» REQUIREMENT
Every picture is to be removed, and all the data is to be copied exactly.

» INFORMATION SHOWN
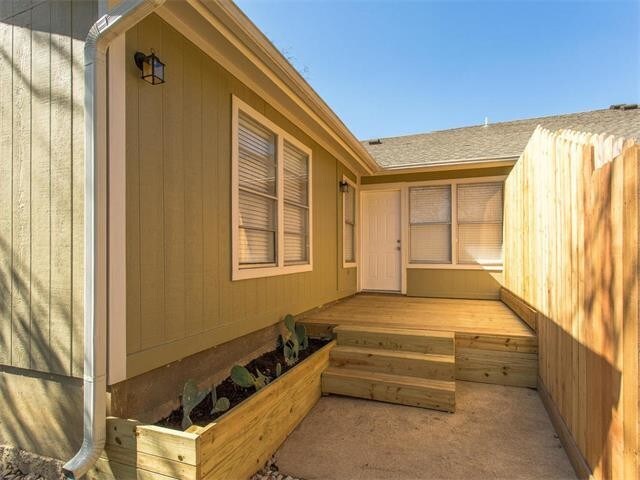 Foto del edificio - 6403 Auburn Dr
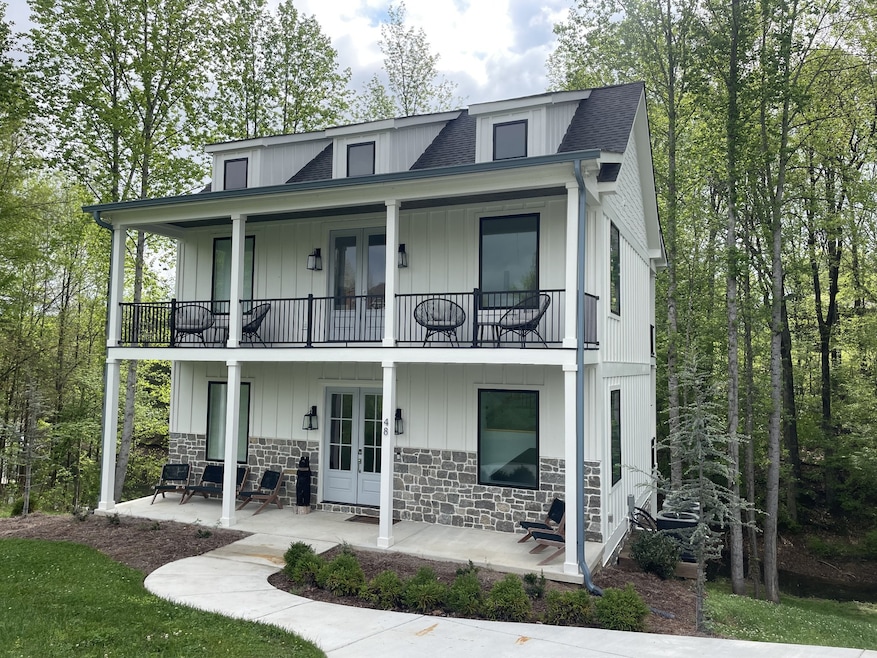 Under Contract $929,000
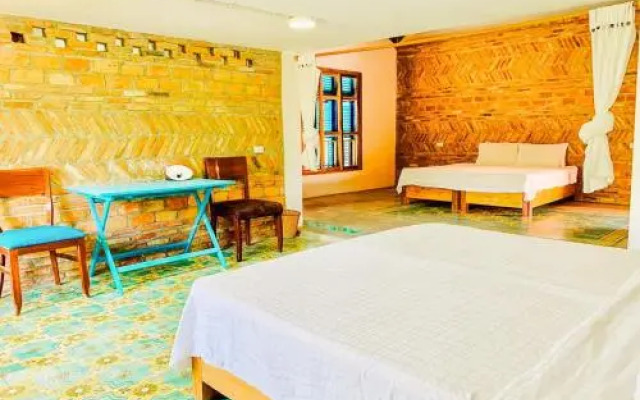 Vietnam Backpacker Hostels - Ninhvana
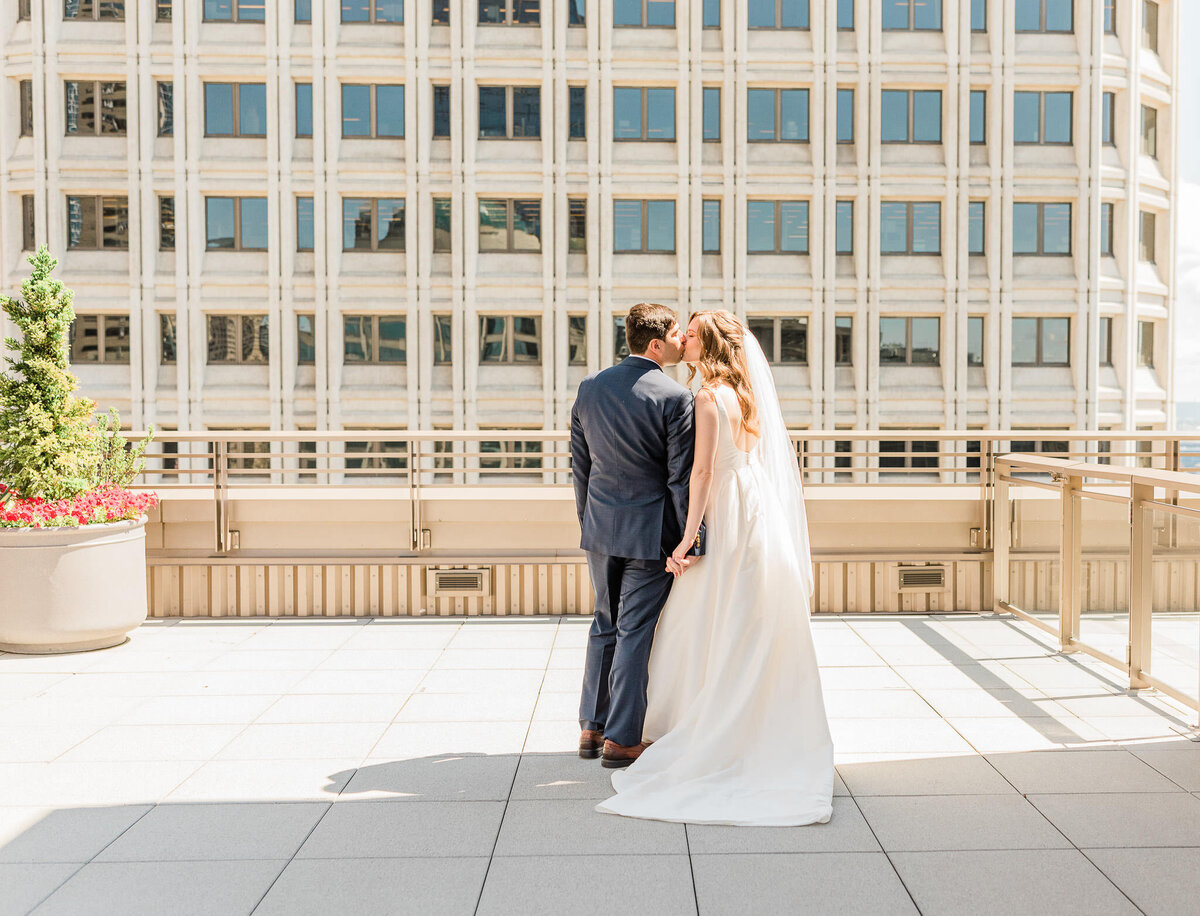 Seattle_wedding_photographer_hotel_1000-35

» RESULT OF THIS EXERCISE
 Foto del edificio - 6403 Auburn Dr
 Under Contract $929,000
 Vietnam Backpacker Hostels - Ninhvana
 Seattle_wedding_photographer_hotel_1000-35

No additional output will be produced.